GR 86074; (December, 1989) (Digest)
G.R. No. 86074 December 20, 1989
LILIA LIWAG, petitioner, vs. COURT OF APPEALS and HEIRS OF THE SPOUSES VICENTE S. CRUZ and JUANA EUSTAQUIO, respondents.
FACTS
The case originated from a petition for reconstitution of a lost title filed by Vicente S. Cruz. After the reconstitution and issuance of new titles in his name, Cruz ostensibly sold the properties to petitioner Lilia Liwag. Liwag later filed an omnibus motion in the same reconstitution case (LRC Case No. 80, pending in Branch 160, RTC Pasig), alleging the loss of her deed of sale and the owner’s duplicate certificates of title, and praying for the cancellation of the existing titles. The court granted her petition, cancelled the titles in Cruz’s name, and issued new ones in Liwag’s name. Subsequently, Liwag sold the properties to Teresita Paz.
The heirs of Vicente Cruz (private respondents) then filed a separate civil action (Civil Case No. 53389) in Branch 162 of the RTC Pasig against Liwag and Paz, seeking the annulment of the deeds of sale as simulated and the cancellation of Liwag’s titles. During the pendency of this case, private respondents and defendant Paz entered into a compromise agreement, which was approved by Branch 162. The agreement led to the cancellation of Liwag’s titles and the issuance of new ones in the names of the heirs and Paz. Liwag, claiming Paz had already reconveyed the property to her prior to the compromise, filed a petition for relief from judgment in Branch 162, which was denied.
ISSUE
The core issue is whether Branch 160 (the land registration court) had jurisdiction to entertain Liwag’s subsequent petition for the cancellation of the titles issued pursuant to the compromise judgment rendered by Branch 162.
RULING
The Supreme Court ruled that Branch 160 acted without jurisdiction. A land registration court, acting under its limited jurisdiction pursuant to Section 108 of P.D. No. 1529, cannot nullify titles issued by virtue of a final and executory judgment rendered by another branch of the same regional trial court. Liwag’s petition before Branch 160, though captioned as one for cancellation under Section 108, was in substance a collateral attack on the validity of the compromise judgment from Branch 162. Such an action for annulment of judgment falls outside the limited jurisdiction of a land registration court and, under the law then in force, was within the exclusive original jurisdiction of the Court of Appeals.

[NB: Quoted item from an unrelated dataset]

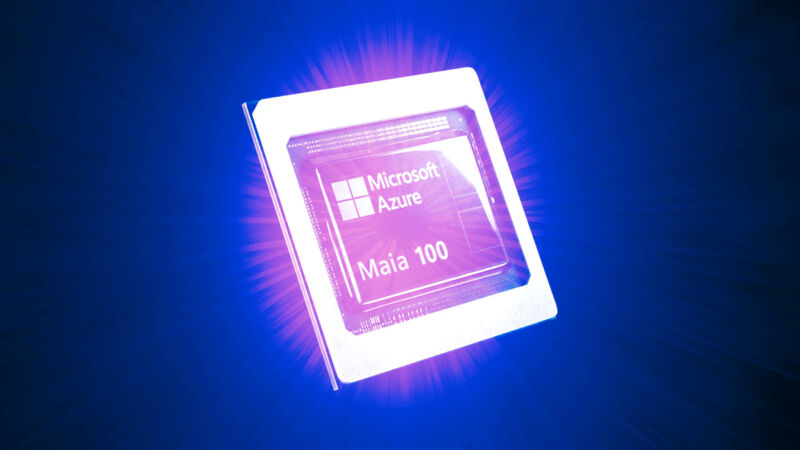 A photo of the Microsoft Azure Maia 100 chip that has been altered with splashes of color by the author to look as if AI itself were bursting forth from its silicon substrate.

The legal logic is clear: a court of limited jurisdiction cannot review, reverse, or nullify the final orders of a coordinate court. The proper remedy for Liwag, if she believed the compromise judgment was vitiated by fraud, was to file a direct action for annulment of judgment in the proper forum, not to seek its indirect overthrow via a petition for cancellation in the land registration court. The Court of Appeals correctly annulled the orders of Branch 160 for having been issued without jurisdiction. The Supreme Court affirmed the appellate court’s resolutions, without prejudice to Liwag’s right to pursue the appropriate independent action.